Learning Whole-Body Human-Humanoid Interaction from Human-Human Demonstrations
Wei-Jin Huang, Yue-Yi Zhang, Yi-Lin Wei, Zhi-Wei Xia, Juantao Tan, Yuan-Ming Li, Zhilin Zhao, Wei-Shi Zheng
TL;DR
This work tackles the data bottleneck and policy learning challenges in whole-body Human-Humanoid Interaction (HHoI) by introducing PAIR, a Physics-Aware Interaction Retargeting pipeline that preserves contact semantics when retargeting Human-Human Interactions to humanoids, producing physically consistent supervision data. Building on this, the authors propose D-STAR, a Decoupled Spatio-Temporal Action Reasoner that separates when to act (Phase Attention) from where to act (Multi-Scale Spatial), with a diffusion-based planning head that yields high-level targets executed by a robust Whole-Body Controller. The approach yields significant performance gains over baselines in simulation (e.g., average policy success of 75.4% and substantial gains on Handshake) and demonstrates sim-to-real transfer on a Unitree G1 with asynchronous sensing and a standard WBC. Overall, PAIR and D-STAR form a complete, scalable pipeline that moves beyond mimicry toward true interactive intelligence in whole-body HHoI, enabling safe, responsive collaboration with humans in real-world settings.
Abstract
Enabling humanoid robots to physically interact with humans is a critical frontier, but progress is hindered by the scarcity of high-quality Human-Humanoid Interaction (HHoI) data. While leveraging abundant Human-Human Interaction (HHI) data presents a scalable alternative, we first demonstrate that standard retargeting fails by breaking the essential contacts. We address this with PAIR (Physics-Aware Interaction Retargeting), a contact-centric, two-stage pipeline that preserves contact semantics across morphology differences to generate physically consistent HHoI data. This high-quality data, however, exposes a second failure: conventional imitation learning policies merely mimic trajectories and lack interactive understanding.
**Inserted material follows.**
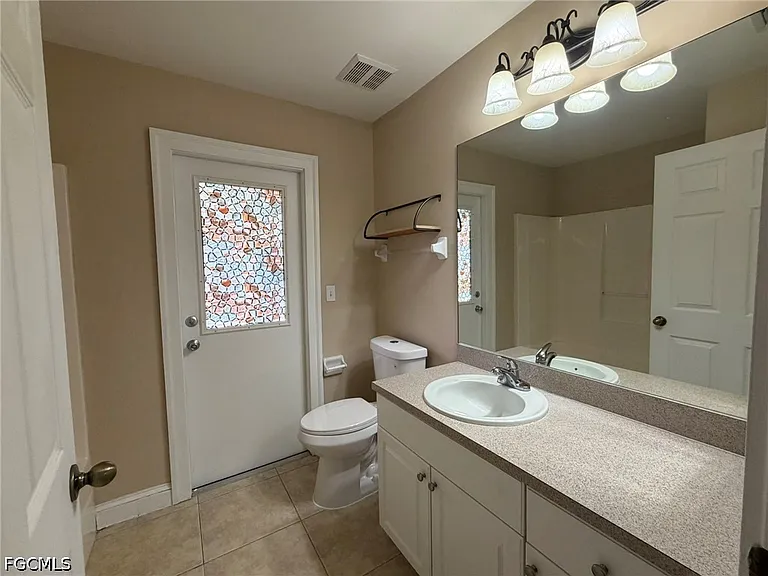 3404 NE 9th Ave — Photo 19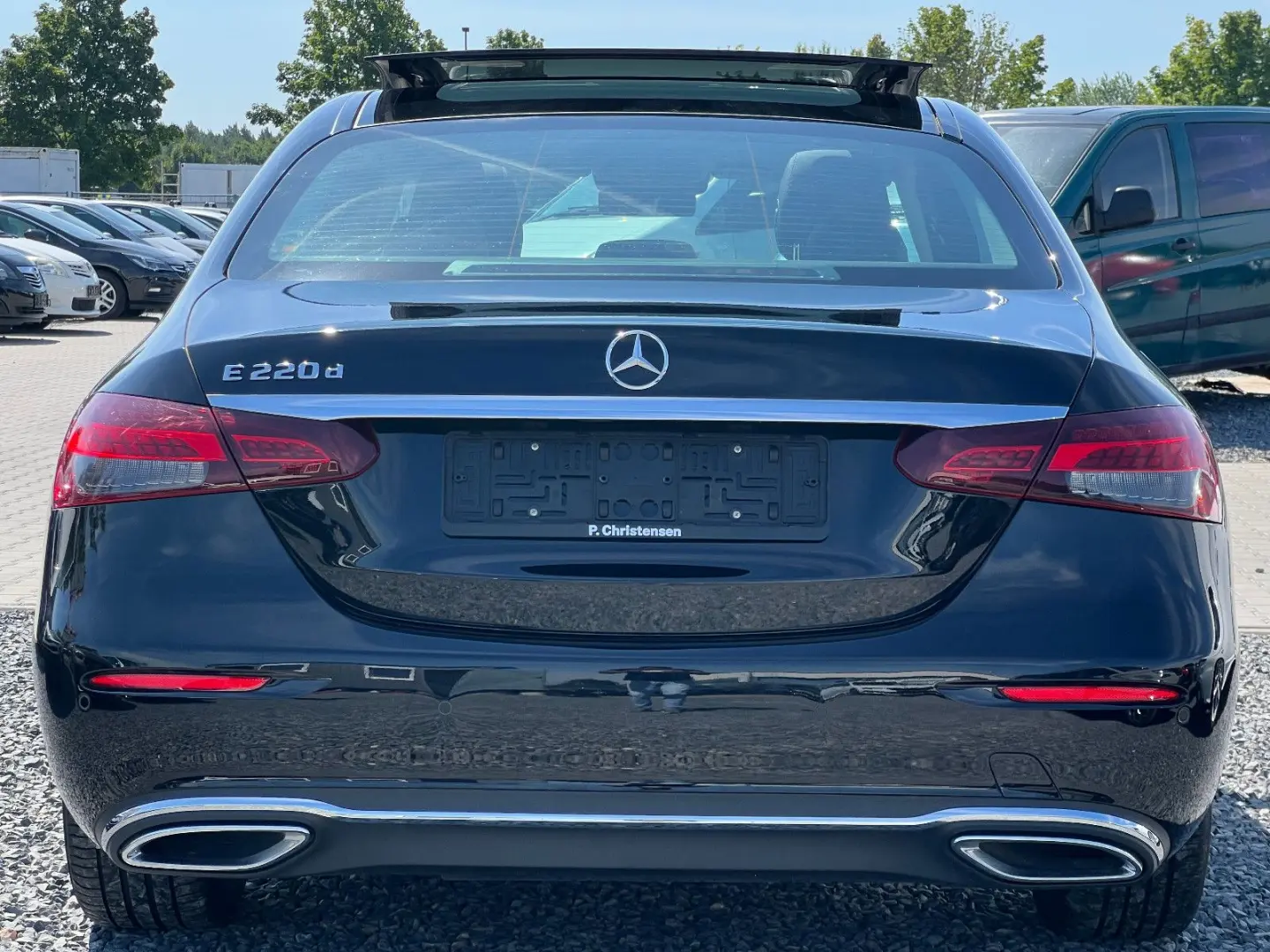 E 220d E-KlasseLim/ShzG/Pano/AHK/E.Sitz/Anbient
We therefore introduce D-STAR (Decoupled Spatio-Temporal Action Reasoner), a hierarchical policy that disentangles when to act from where to act. In D-STAR, Phase Attention (when) and a Multi-Scale Spatial module (where) are fused by the diffusion head to produce synchronized whole-body behaviors beyond mimicry. By decoupling these reasoning streams, our model learns robust temporal phases without being distracted by spatial noise, leading to responsive, synchronized collaboration. We validate our framework through extensive and rigorous simulations, demonstrating significant performance gains over baseline approaches and a complete, effective pipeline for learning complex whole-body interactions from HHI data.